The Magician’s Nephew  by C.S. Lewis (The Chronicles of Narnia #1) c.1955 (202 pgs)

 What does this make, re-read number 28? At least. I devoured the Narnia books repeatedly as a kid and still love to pick them up again every once in a while. The adventures are always fun, and grounded enough that you could imagine yourself in them. The religious overtones (which I don’t remember noticing as a kid) are light and never overpower the story itself. This volume (although written after the rest) is where it all began- with an attic room, an evil uncle, and a pair of magical rings.

row, row, row your boat

Down the Nile: Alone in a Fisherman’s Skiff  by Rosemary Mahoney 2007 (273 pgs)

 Enjoyable travelogue of a woman’s frustrated efforts to row solo from Aswan to Luxor. She wants to experience the Nile they way ordinary people have for milennia: by self-powered rowboat. It’s an interesting shift in focus; she’s not preoccupied with the architecture and historical sites. She’s looking to connect with the everyday people who make their livings within reach of the Nile as well as make her own connection to the river. Along her journey, she ruminates on the epic force of this life-enabling river throughout history and touches on historical travellers experiences, which makes for an interesting read.

what shall we do with a drunken sailor?

The Pirates! In an Adventure with Communists  by Gideon Defoe 2006 (176 pgs)

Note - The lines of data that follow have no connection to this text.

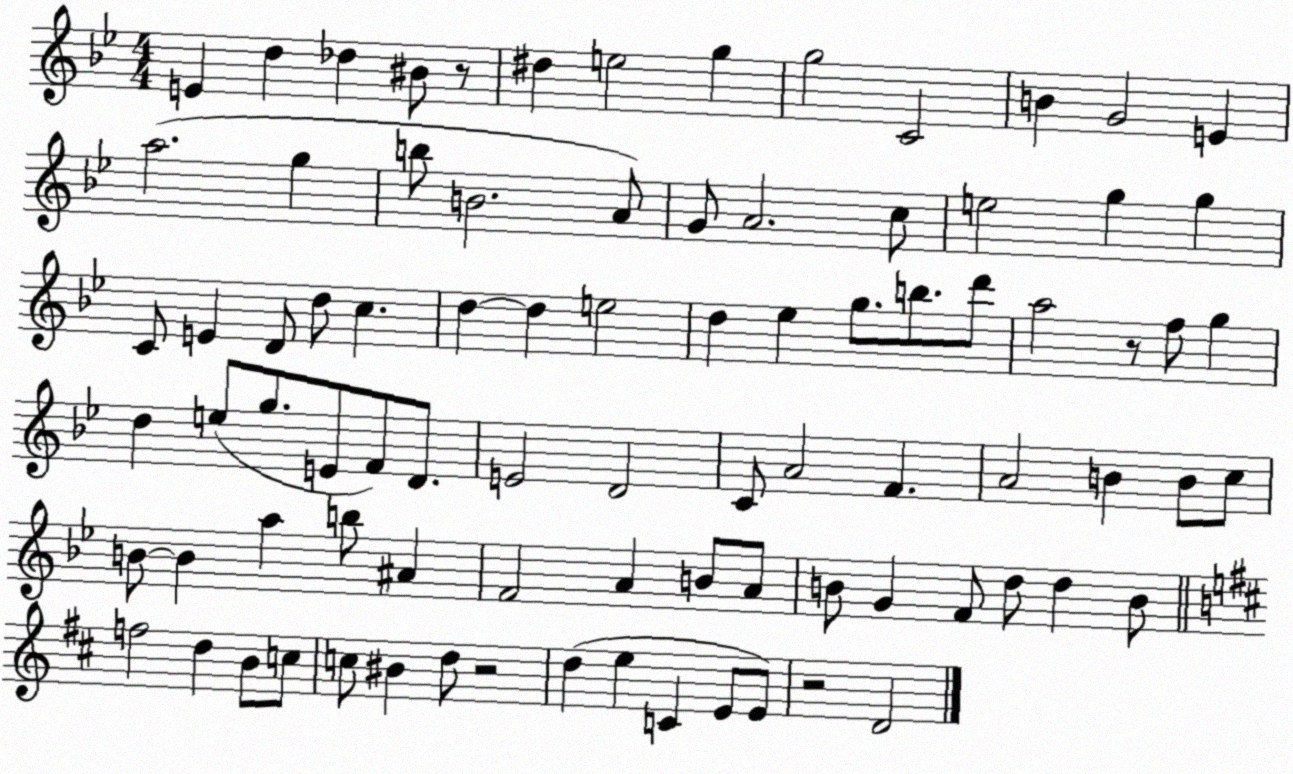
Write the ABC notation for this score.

X:1
T:Untitled
M:4/4
L:1/4
K:Bb
E d _d ^B/2 z/2 ^d e2 g g2 C2 B G2 E a2 g b/2 B2 A/2 G/2 A2 c/2 e2 g g C/2 E D/2 d/2 c d d e2 d _e g/2 b/2 d'/2 a2 z/2 f/2 g d e/2 g/2 E/2 F/2 D/2 E2 D2 C/2 A2 F A2 B B/2 c/2 B/2 B a b/2 ^A F2 A B/2 A/2 B/2 G F/2 d/2 d B/2 f2 d B/2 c/2 c/2 ^B d/2 z2 d e C E/2 E/2 z2 D2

A re-read of the hilarious third adventure of The Pirate Captain and his stalwart crew- including The Pirate With the Scarf, The Albino Pirate, and The Pirate With the Nut Allergy. Hijinks ensue as they try to rescue Karl Marx (he of the alarming hairyness) from the mysterious statuesque blonde women who seem determined to blame the Communists for drowning kittens and bad weather, among other things.